O Chile, país que tem em Gabriel Boric seu presidente mais esquerdista em décadas, acaba de deixar a chave da reforma constitucional que tanto busca nas mãos da direita.
O Partido Republicano de José Antonio Kast, líder da direita radical derrotado por Boric em 2021, obteve nas eleições de domingo 22 das 51 cadeiras do Conselho Constitucional que deve elaborar uma nova Carta Magna para o país.
Com isso, o grupo de Kast garante o poder de veto dentro do órgão e a possibilidade de se aliar à tradicional direita chilena, que terá 11 assentos, para promover uma nova Constituição a ser submetida a referendo em dezembro
“ É um paradoxo: eles sempre foram contra o processo constitucional e hoje têm a oportunidade de escrever a Constituição que quiserem”, disse Claudia Heiss, chefe do programa de ciência política da Escola de Governo da Universidade do Chile, em entrevista à BBC News Mundo.”
E adverte que isso representa um grande desafio não só para o governo de Boric, cuja coalizão de esquerda obteve 17 vereadores (menos dos 21 que lhe dariam o poder de veto na Constituinte), mas para todo o sistema político chileno.
Confira a seguire os principais trechos da entrevista:
BBC News Mundo – Qual leitura você faz da eleição do novo conselho constitucional do Chile no domingo?
Claudia Heiss – Há uma leitura: que há um voto de uma reação muito dura contra as agendas de mudança, da incerteza que foi semeada do processo constituinte anterior, de um contexto de crise econômica, de crise de segurança pública, de crise migratória que veio junto com toda aquela forte onda reformista.
Tem havido um movimento pendular de busca de novos atores na política, mais na esquerda e nas organizações sociais, para uma mudança também para grupos vistos como externos ao sistema político, mas pertencentes à extrema direita.
BBC – É um paradoxo que um setor cujo líder, José Antonio Kast, se opôs à mudança na Constituição possa agora ter a chave dessa mudança?
Heiss – Sim, é um paradoxo: sempre foram contra o processo constituinte e hoje têm a oportunidade de fazer a Constituição que quiserem.
Ou seja, apenas o Partido Republicano com seus 22 votos pode vetar as normas.

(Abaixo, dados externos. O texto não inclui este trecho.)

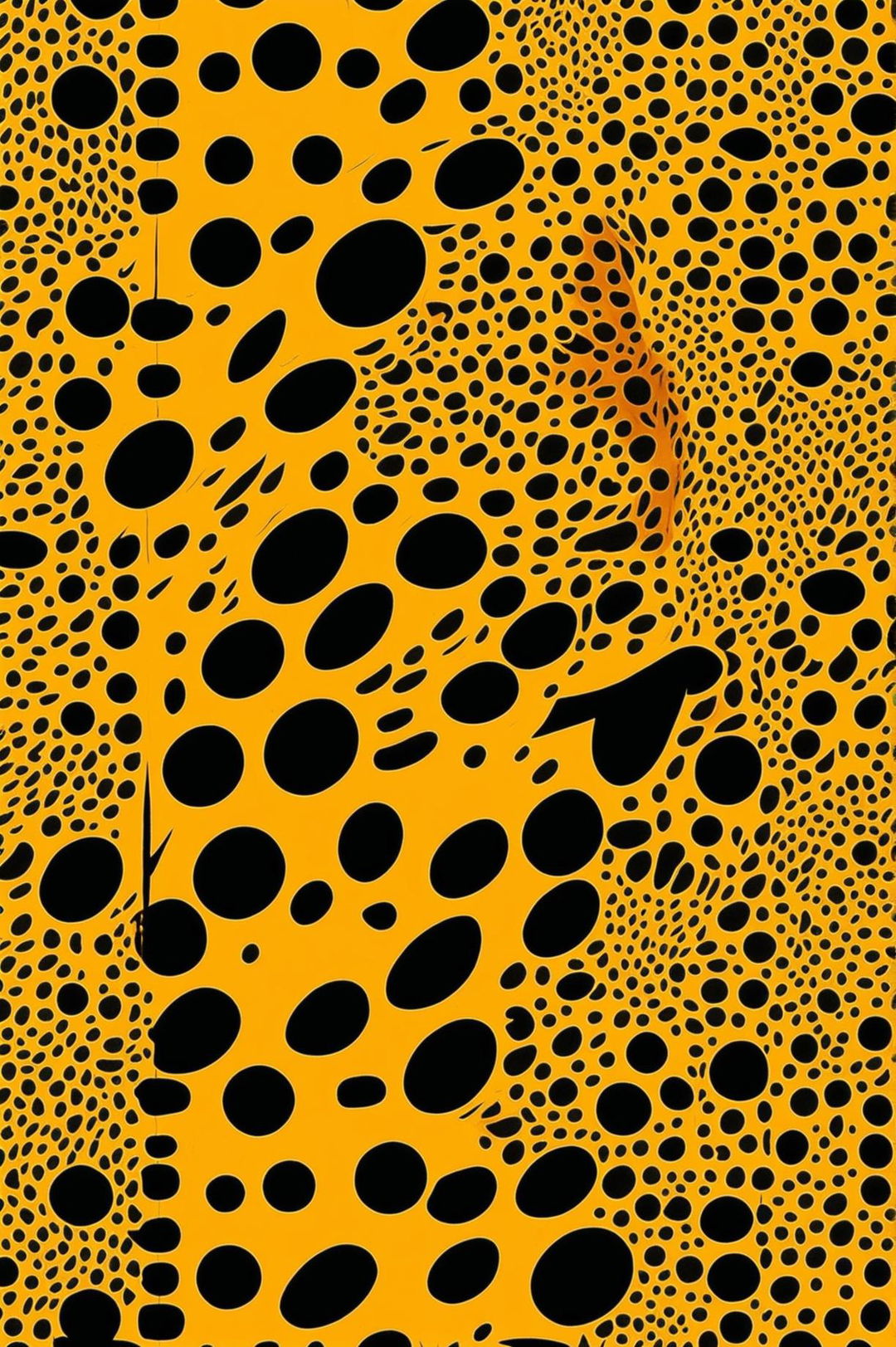 An image of a vibrant, orange cheetah print with darker, black spots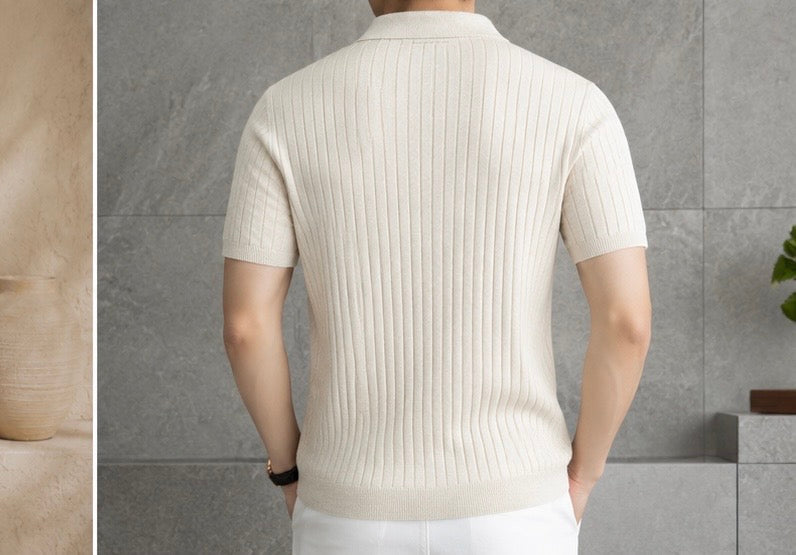 Letona Cashmere Ribbed Knit Polo – Coffee Brown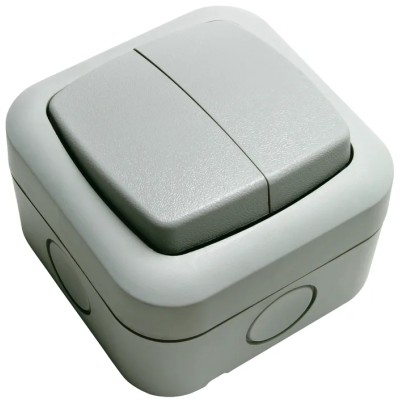Timeguard Powerseal 2-Way Rocker Bell Push Light Switch TPSL02, IP55, 2 Gang, 230V, Polycarbonate, Satin Grey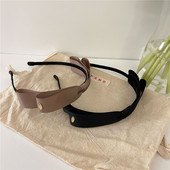 Moda 2021, negru, cu fundă nouă, accesorii pentru cap pentru femei, bentiță pentru fete, benzi de păr cu fundă vintage, bentita lată pentru accesorii de păr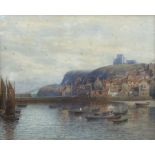 John Pearson (British ?-1921): Whitby Fishing Boats in Harbour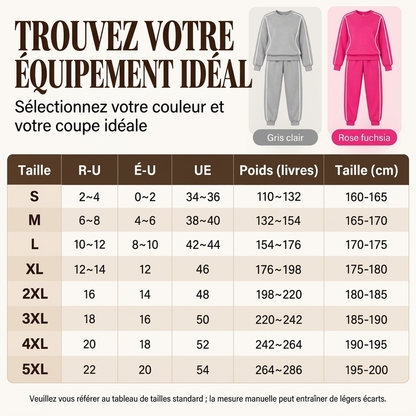 Ensemble 2 pièces femme : sweat à bordure contrastée et jogging
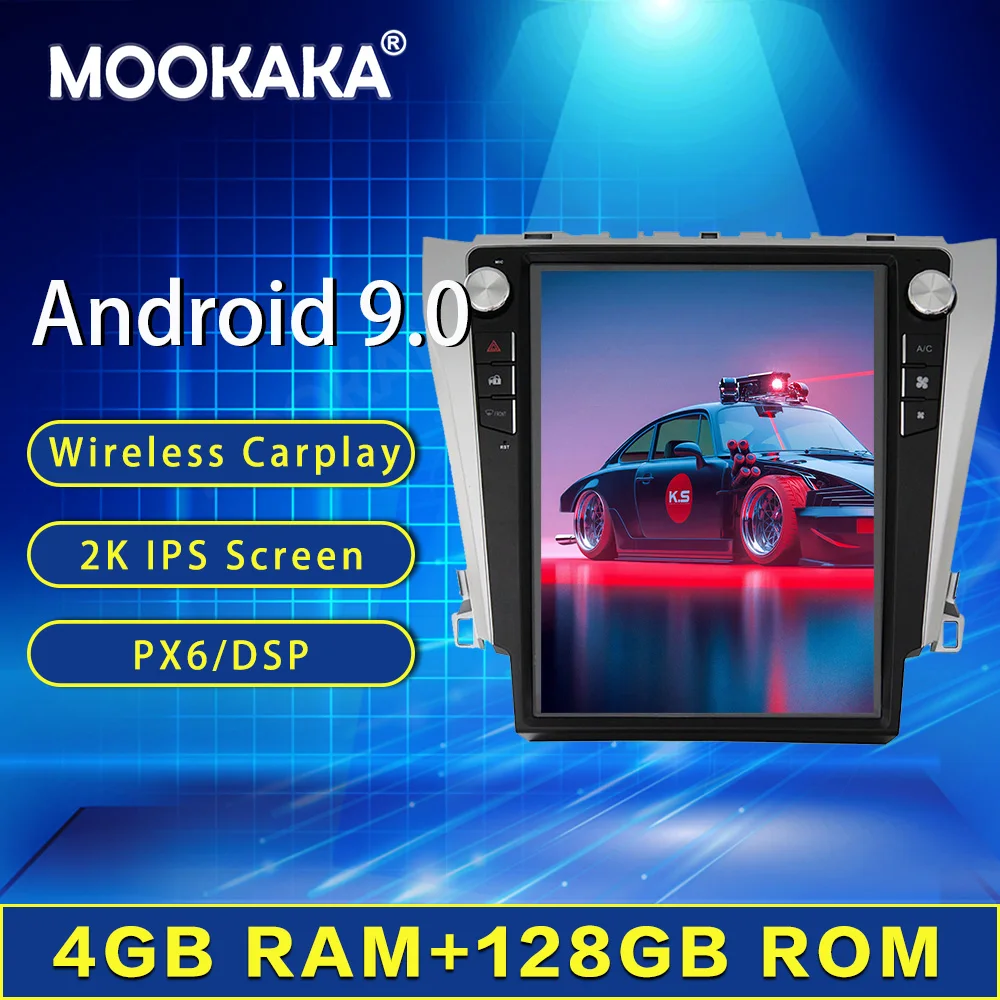 

4G 128G Android 9.0 Tesla screen Car Multimedia Player For Toyota Camry 2012-2015 GPS Navigation Auto video audio radio stereo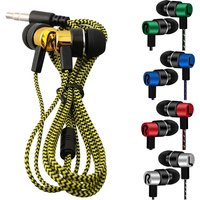 3.5MM Wired Earbuds in-Ear Headphone Without MIC 3 Pole Stereo Earphone 1Meter Braided Cord Headset for Phone/CD Player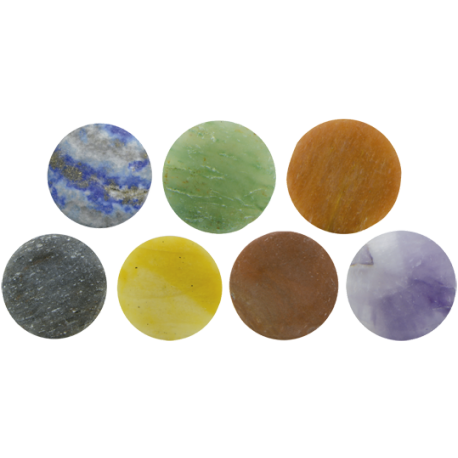 SET CHAKRAS REDONDO SEMIPULIDO 3CM SET CHAKRAS REDONDO SEMIPULIDO 3CM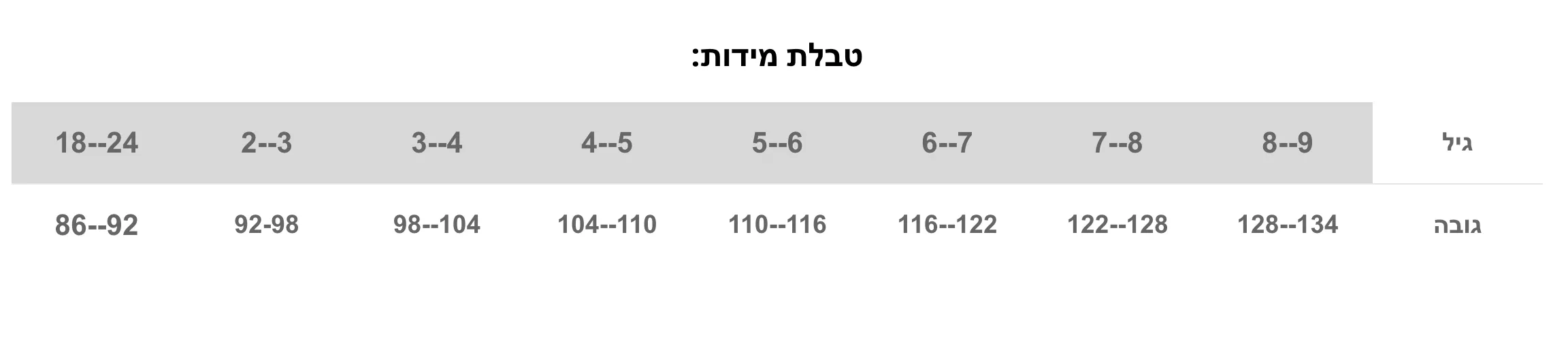 טבלת מידות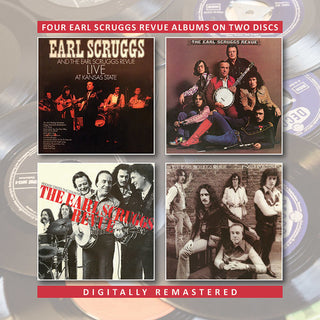 the album cover for Earl Scruggs - Live At Kansas State / Earl Scruggs Revue / Rockin Cross The Country
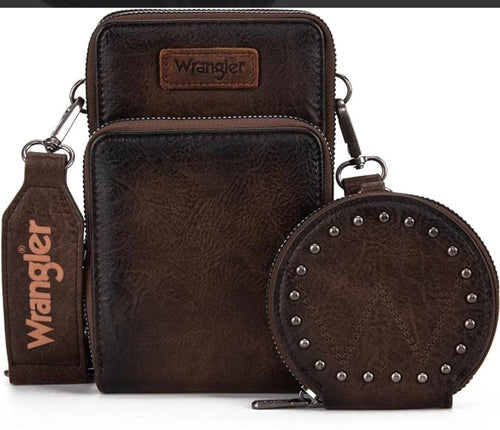 Wrangler Dark Brown Cell Phone Crossbody Rockin The Lace Boutique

Mas também, em aliança com os partidos de direita, eles poderiam realmente escrever uma Constituição quase como se fossem a Comissão Ortúzar (estabelecida durante o regime de Augusto Pinochet para criar o projeto da Constituição de 1980).
Uma análise agora é que Kast e os republicanos sempre visaram deslegitimar todo o processo e, no entanto, hoje estão no comando do processo.
Resta saber como se resolverá este paradoxo e se talvez tenham de pagar algum custo por estarem à frente deste novo processo constituinte.
BBC – Isso significa que a próxima Constituição chilena será igual ou mais conservadora que a atual?
Heiss – Eu diria que sim, é mais provável.
Resta saber se haverá algum tipo de abertura, mas vejo como improvável dada a composição do corpo constituinte.